Could you copy exactly the lines below from the one with "3Pcs Beach Dolphin" to the one with "Light Purple, Pink", inclusive, leaving out any pictures?
⟨
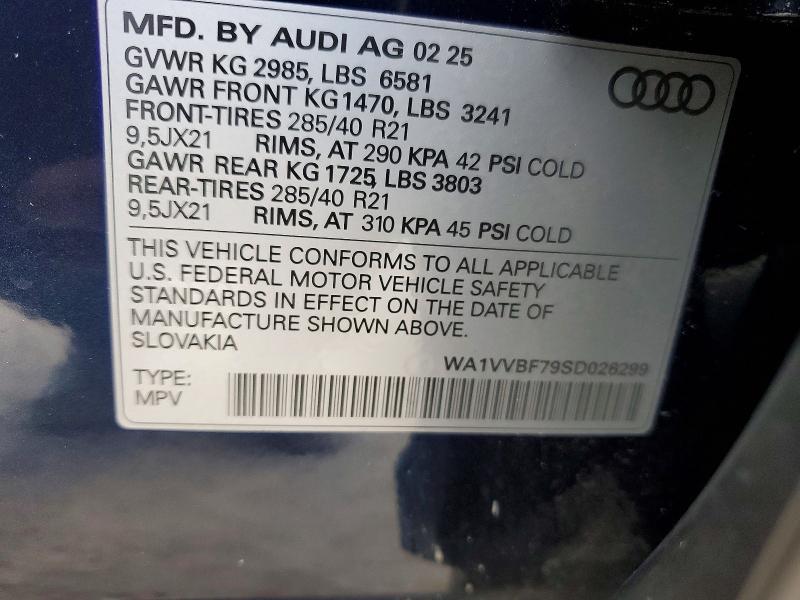 Продаж на аукціоні авто 2025 Audi Q7, vin: WA1VVBF79SD026299, номер лоту: 63665276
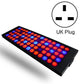 Ultra-thin plant growth light with UK plug, rectangular LED panel glowing red and blue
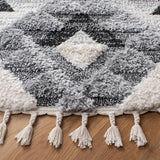 Moroccan Diamond Trellis Pattern Thick Area Rug Gray/Ivory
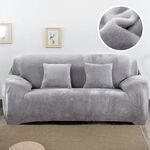 Copridivano in tessuto felpato Copridivano spesso Copridivano elastico per divano Non includono federa, specifica: 2 posti 145-185 cm (grigio)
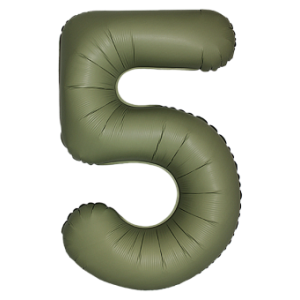 Оливковый Матовый фольгированный шар цифра 5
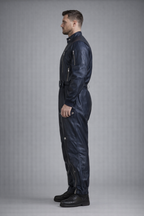 Men's Blue Leather Biker Jumpsuit - Left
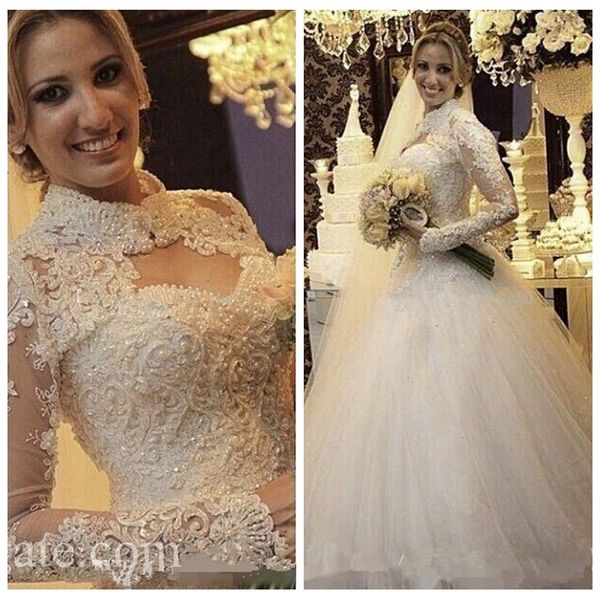 

2019 sweetheart lace appliques a-line wedding dresses with long sleeves jacket bridal gowns formal vintage vestidos de mariee custom lace up, White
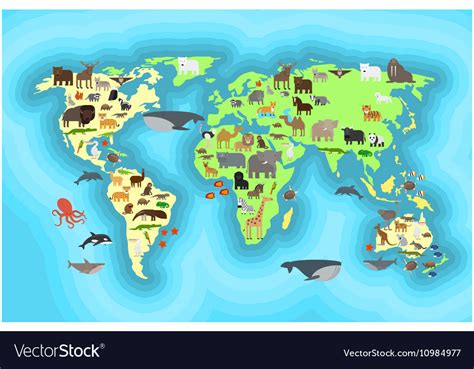 Animals World Map Wallpaper Design Royalty Free Vector Image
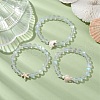 3Pcs Beach Dolphin & Turtle & Starfish Dyed Synthetic Turquoise Bead Bracelets BJEW-JB10251-2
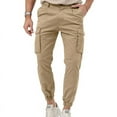 Rlmidhb Cargo Pants for Men 2025 Beige Cinch Bottom Baggy Pants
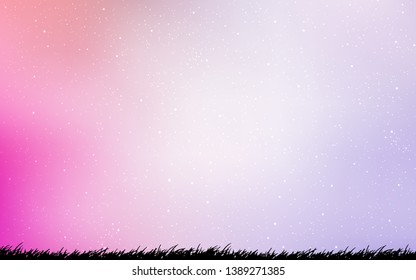 Light Purple, Pink vector background with galaxy stars. Blurred decorative design in simple style with galaxy stars. Smart design for your business advert.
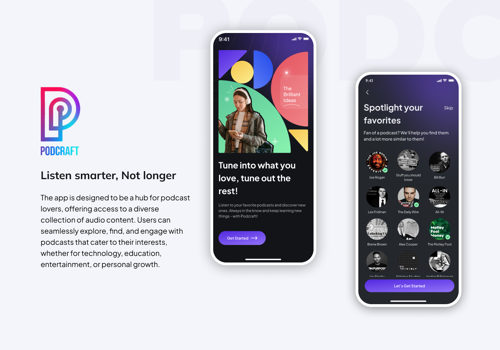 UX/UI Design Package Example: Podcraft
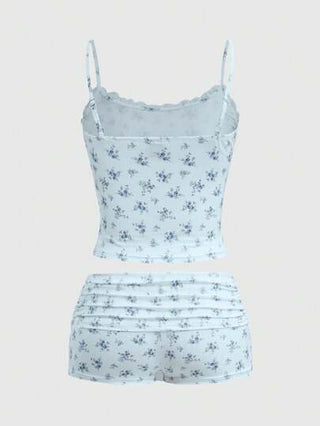 EZwear قطعتان مجموعة سيدات تتكون من توب وشورت من شريط تباين بنقشة الأزهار الصغيرة الجميلة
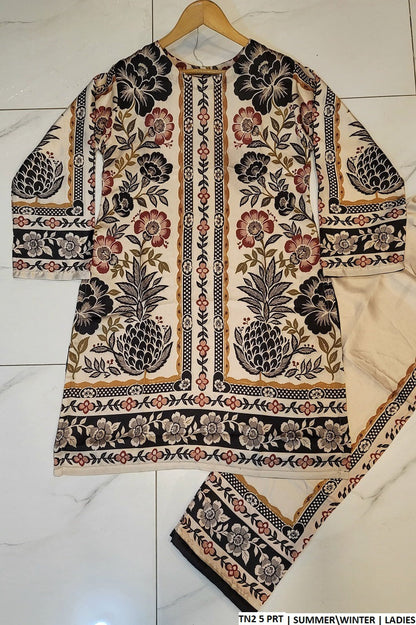 Silk straight shirt TN2 5 - Pakistani women's formal party wear with 2PC dupatta front view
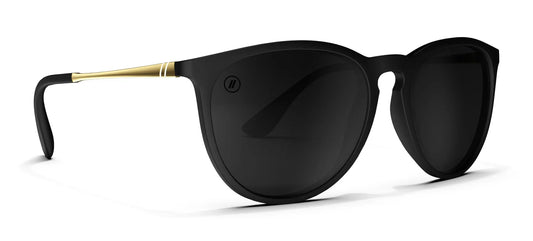 Black Blenders sunglasses with gold accents on a white background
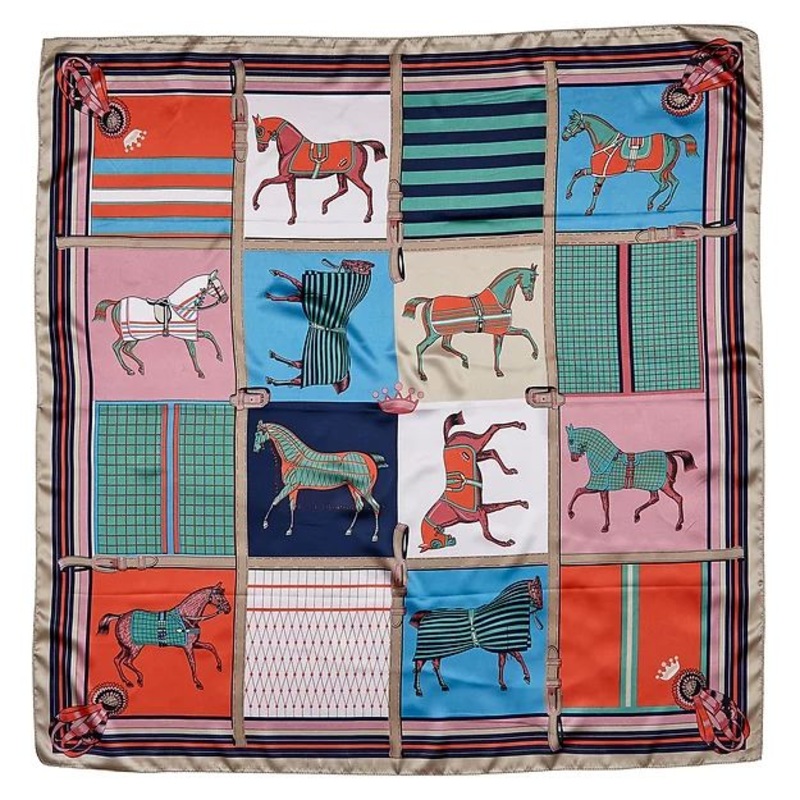 Horse in Blankets Silky Scarf, 36 x 36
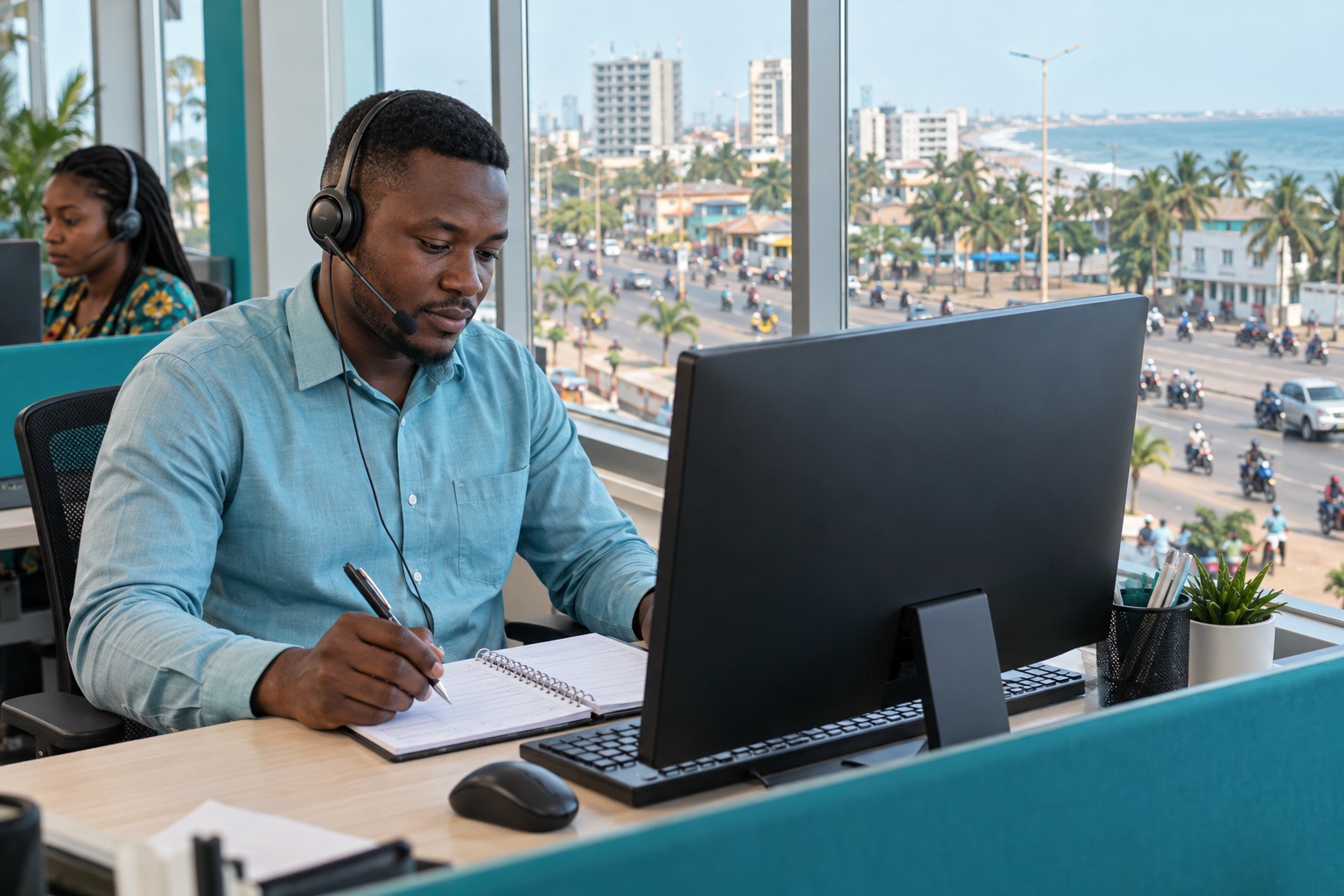 Agent scheduling appointments in a call center with a Cotonou-inspired city view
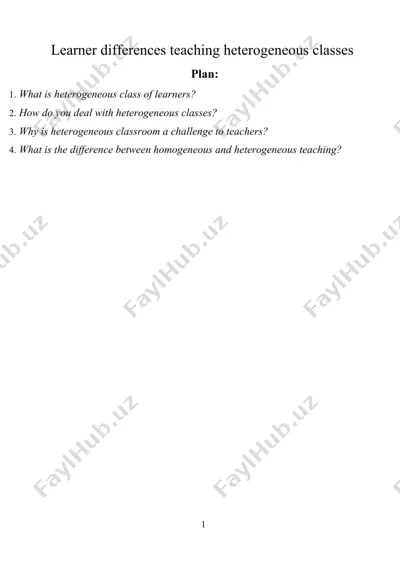 learner differences teaching heterogeneous classes — DOCX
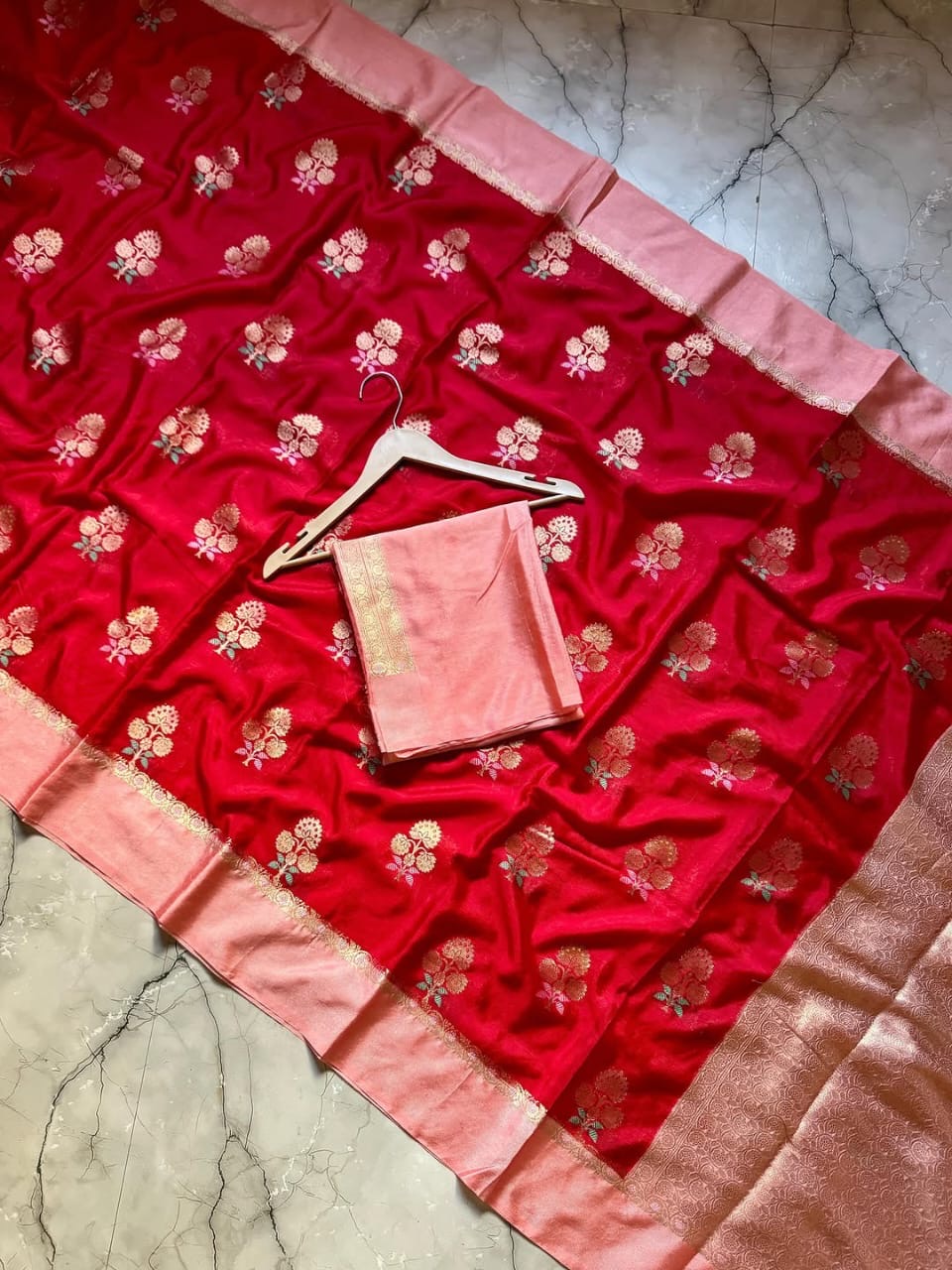 Red with Peach Bridal Warm Silk Premium Banarasi Saree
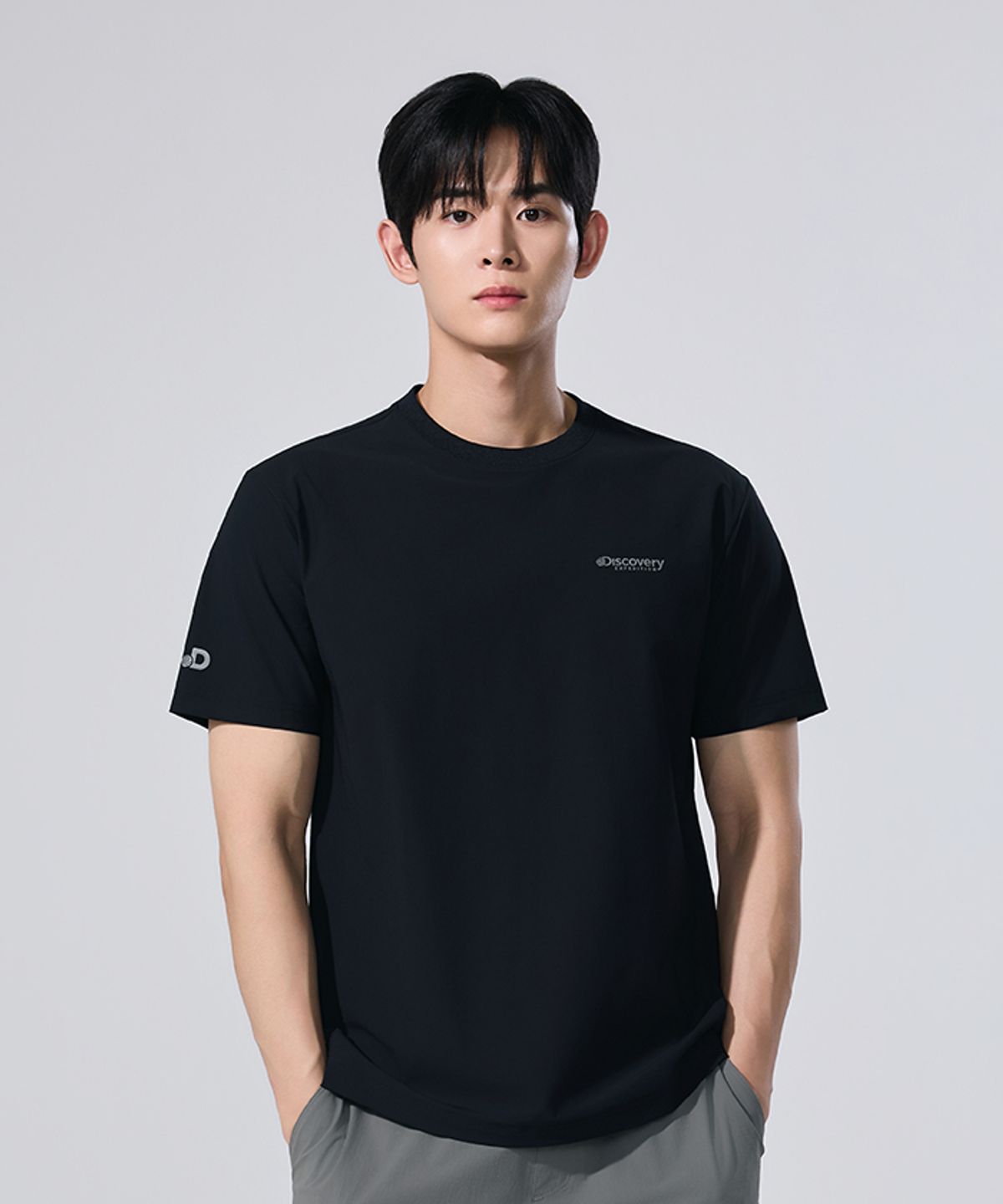 디스커버리 익스페디션(DISCOVERY EXPEDITION) 남성 프레시벤트 프레보나 트리코트 반팔티셔츠 (BLACK)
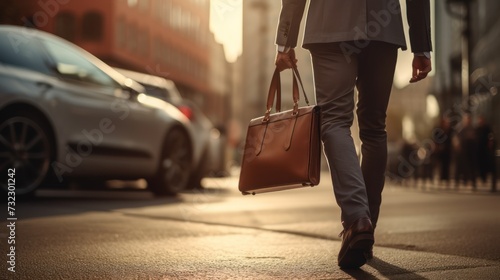 close-up of the legs of a young businessman holding a laptop bag and going to his car, in the city.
⟩
Answer space:
 3Pcs Beach Dolphin & Turtle & Starfish Dyed Synthetic Turquoise Bead Bracelets BJEW-JB10251-2
 Rlmidhb Cargo Pants for Men 2025 Beige Cinch Bottom Baggy Pants
 Light Purple, Pink vector background with galaxy stars. Blurred decorative design in simple style with galaxy stars. Smart design for your business advert.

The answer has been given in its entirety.